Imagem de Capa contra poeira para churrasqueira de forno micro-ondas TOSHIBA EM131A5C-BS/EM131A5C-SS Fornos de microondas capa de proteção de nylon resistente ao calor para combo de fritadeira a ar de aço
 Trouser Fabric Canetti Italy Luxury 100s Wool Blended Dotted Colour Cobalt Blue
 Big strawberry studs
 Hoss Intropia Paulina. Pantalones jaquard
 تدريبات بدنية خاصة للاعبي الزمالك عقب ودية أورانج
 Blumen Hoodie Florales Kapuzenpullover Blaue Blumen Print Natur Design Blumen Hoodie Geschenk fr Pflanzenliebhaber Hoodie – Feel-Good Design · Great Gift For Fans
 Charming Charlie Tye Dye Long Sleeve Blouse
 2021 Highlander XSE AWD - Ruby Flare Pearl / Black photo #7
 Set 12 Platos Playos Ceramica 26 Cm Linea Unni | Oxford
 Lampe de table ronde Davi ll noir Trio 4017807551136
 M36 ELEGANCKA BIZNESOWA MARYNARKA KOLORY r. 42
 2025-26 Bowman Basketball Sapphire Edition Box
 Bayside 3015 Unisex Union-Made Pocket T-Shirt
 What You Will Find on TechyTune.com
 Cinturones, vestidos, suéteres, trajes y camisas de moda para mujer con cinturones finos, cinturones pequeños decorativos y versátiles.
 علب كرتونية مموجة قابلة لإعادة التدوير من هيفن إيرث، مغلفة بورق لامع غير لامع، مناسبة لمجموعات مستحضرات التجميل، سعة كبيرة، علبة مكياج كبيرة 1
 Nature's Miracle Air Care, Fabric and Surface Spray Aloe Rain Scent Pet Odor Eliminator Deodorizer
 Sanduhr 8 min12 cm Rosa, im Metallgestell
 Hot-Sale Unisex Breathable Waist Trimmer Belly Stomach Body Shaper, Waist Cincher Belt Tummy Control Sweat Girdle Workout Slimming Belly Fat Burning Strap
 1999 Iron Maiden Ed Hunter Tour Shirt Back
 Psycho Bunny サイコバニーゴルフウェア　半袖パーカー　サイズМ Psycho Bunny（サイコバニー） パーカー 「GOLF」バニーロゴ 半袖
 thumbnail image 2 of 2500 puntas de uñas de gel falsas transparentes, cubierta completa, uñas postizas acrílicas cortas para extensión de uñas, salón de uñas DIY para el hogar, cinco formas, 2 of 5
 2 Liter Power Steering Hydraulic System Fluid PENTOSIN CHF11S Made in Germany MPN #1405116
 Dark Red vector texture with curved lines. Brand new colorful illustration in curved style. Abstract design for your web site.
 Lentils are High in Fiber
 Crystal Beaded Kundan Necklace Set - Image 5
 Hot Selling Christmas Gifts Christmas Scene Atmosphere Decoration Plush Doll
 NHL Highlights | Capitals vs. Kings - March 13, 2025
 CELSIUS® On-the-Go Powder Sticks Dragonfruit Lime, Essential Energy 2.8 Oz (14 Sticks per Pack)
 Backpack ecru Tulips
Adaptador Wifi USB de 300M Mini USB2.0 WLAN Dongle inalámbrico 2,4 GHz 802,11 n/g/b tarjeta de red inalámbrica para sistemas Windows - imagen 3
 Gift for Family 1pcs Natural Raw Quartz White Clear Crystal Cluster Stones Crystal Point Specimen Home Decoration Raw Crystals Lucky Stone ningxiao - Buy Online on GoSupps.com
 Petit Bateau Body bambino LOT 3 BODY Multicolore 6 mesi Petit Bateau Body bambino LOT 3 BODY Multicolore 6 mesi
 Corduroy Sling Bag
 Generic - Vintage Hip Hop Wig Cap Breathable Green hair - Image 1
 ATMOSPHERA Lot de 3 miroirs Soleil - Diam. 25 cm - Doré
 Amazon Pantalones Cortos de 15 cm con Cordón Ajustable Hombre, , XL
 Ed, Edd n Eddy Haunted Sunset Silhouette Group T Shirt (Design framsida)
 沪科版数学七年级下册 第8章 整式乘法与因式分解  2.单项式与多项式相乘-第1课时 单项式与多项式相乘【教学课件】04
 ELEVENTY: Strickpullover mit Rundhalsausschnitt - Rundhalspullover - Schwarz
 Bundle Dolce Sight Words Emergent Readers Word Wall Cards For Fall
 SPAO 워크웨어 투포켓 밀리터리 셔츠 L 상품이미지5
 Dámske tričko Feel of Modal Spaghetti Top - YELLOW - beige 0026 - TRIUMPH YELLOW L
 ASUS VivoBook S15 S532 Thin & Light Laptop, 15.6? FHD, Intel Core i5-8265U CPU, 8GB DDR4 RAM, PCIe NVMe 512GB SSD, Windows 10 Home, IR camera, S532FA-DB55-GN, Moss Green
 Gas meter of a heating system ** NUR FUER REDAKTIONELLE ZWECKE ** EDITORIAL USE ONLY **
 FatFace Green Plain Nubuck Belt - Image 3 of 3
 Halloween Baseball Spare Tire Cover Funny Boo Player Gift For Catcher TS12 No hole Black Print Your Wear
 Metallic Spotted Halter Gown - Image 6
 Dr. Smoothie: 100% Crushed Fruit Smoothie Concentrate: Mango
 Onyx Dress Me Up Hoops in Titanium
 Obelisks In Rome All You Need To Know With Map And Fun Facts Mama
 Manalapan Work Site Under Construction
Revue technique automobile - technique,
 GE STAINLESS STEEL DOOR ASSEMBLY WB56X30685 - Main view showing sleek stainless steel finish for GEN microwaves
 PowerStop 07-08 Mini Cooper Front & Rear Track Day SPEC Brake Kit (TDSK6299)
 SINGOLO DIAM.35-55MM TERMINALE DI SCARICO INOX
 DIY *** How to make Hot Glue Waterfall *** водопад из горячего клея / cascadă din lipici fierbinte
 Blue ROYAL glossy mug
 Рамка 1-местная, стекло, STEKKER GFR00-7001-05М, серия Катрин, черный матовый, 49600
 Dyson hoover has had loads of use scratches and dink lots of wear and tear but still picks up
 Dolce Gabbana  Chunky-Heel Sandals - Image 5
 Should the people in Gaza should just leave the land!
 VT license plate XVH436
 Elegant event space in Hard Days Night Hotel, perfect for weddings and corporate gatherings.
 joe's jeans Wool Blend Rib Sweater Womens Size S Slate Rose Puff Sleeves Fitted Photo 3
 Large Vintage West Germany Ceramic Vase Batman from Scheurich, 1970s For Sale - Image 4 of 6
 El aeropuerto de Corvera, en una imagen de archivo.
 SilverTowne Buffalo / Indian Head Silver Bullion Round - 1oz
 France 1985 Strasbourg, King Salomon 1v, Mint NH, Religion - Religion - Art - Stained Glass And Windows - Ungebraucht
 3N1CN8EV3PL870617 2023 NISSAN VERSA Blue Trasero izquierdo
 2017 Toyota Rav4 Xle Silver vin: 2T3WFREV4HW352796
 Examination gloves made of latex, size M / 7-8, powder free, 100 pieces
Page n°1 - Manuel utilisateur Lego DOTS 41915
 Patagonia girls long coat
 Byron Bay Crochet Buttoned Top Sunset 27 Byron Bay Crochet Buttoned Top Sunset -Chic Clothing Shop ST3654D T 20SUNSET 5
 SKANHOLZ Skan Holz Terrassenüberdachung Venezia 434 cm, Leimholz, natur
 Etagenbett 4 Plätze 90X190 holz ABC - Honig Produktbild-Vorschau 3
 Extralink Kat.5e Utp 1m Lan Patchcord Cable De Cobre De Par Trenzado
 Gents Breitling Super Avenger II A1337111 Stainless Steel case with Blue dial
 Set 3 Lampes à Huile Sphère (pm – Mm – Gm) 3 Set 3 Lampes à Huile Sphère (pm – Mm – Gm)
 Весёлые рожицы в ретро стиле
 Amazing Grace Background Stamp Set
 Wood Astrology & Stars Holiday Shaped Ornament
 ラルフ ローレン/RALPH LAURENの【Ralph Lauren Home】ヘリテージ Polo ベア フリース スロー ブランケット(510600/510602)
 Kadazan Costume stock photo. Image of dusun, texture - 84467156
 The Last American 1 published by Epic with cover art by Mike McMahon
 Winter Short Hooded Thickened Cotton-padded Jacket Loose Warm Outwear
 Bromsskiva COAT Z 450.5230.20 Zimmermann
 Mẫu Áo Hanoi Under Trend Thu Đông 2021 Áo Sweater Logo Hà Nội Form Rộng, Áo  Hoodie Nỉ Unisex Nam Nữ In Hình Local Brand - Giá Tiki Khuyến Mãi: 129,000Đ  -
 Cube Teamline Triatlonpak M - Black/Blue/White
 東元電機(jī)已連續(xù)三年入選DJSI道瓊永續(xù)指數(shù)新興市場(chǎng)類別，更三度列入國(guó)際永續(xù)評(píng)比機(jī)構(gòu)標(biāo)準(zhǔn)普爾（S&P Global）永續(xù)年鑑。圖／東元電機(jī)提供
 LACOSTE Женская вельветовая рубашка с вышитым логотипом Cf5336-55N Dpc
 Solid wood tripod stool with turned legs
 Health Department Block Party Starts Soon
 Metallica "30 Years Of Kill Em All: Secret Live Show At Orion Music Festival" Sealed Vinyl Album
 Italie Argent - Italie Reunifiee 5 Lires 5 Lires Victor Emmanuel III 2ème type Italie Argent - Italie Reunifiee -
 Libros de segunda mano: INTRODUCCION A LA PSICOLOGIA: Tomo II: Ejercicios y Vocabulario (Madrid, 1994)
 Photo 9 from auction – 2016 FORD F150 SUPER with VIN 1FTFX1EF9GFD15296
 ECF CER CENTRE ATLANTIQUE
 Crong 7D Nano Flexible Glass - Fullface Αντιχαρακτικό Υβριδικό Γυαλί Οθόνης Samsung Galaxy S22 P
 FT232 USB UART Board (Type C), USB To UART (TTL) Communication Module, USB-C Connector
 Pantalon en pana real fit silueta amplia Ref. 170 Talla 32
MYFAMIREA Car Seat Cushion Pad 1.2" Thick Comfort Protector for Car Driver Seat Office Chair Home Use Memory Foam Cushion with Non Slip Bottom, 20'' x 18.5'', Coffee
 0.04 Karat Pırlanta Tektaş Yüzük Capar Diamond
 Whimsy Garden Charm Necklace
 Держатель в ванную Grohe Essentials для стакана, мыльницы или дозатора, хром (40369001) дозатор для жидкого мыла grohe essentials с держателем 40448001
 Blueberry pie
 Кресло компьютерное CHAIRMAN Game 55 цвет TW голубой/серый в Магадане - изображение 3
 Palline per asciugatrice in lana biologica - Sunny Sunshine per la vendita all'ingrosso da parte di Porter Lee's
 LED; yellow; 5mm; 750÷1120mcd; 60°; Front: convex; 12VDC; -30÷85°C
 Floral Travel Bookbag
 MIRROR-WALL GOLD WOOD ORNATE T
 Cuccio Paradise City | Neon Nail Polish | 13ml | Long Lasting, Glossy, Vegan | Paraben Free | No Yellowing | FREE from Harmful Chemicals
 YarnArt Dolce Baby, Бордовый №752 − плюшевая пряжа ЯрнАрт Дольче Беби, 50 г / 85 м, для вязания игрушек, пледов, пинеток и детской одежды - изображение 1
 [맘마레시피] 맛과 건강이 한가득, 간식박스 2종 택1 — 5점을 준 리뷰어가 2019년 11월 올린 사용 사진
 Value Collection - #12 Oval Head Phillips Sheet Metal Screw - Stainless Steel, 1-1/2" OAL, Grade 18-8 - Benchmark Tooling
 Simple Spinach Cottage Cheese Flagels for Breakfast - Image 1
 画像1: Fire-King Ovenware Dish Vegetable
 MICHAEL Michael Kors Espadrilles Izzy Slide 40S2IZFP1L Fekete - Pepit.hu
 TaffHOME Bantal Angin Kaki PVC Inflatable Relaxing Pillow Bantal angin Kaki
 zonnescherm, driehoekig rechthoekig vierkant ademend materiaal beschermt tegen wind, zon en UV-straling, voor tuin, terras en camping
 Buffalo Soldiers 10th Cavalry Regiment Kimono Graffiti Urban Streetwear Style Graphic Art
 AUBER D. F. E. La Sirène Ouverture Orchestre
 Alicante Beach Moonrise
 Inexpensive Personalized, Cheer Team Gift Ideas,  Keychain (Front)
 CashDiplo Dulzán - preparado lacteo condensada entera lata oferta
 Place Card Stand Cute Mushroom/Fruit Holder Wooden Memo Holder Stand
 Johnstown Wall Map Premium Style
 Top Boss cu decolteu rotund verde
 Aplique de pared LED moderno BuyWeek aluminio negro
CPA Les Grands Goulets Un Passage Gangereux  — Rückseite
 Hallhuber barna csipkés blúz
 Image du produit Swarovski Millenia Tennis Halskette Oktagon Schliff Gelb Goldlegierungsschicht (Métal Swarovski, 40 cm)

| Assignment |
Scan the material for the word "Head". Return every line where it is found.

| Solution |
 SilverTowne Buffalo / Indian Head Silver Bullion Round - 1oz
 Value Collection - #12 Oval Head Phillips Sheet Metal Screw - Stainless Steel, 1-1/2" OAL, Grade 18-8 - Benchmark Tooling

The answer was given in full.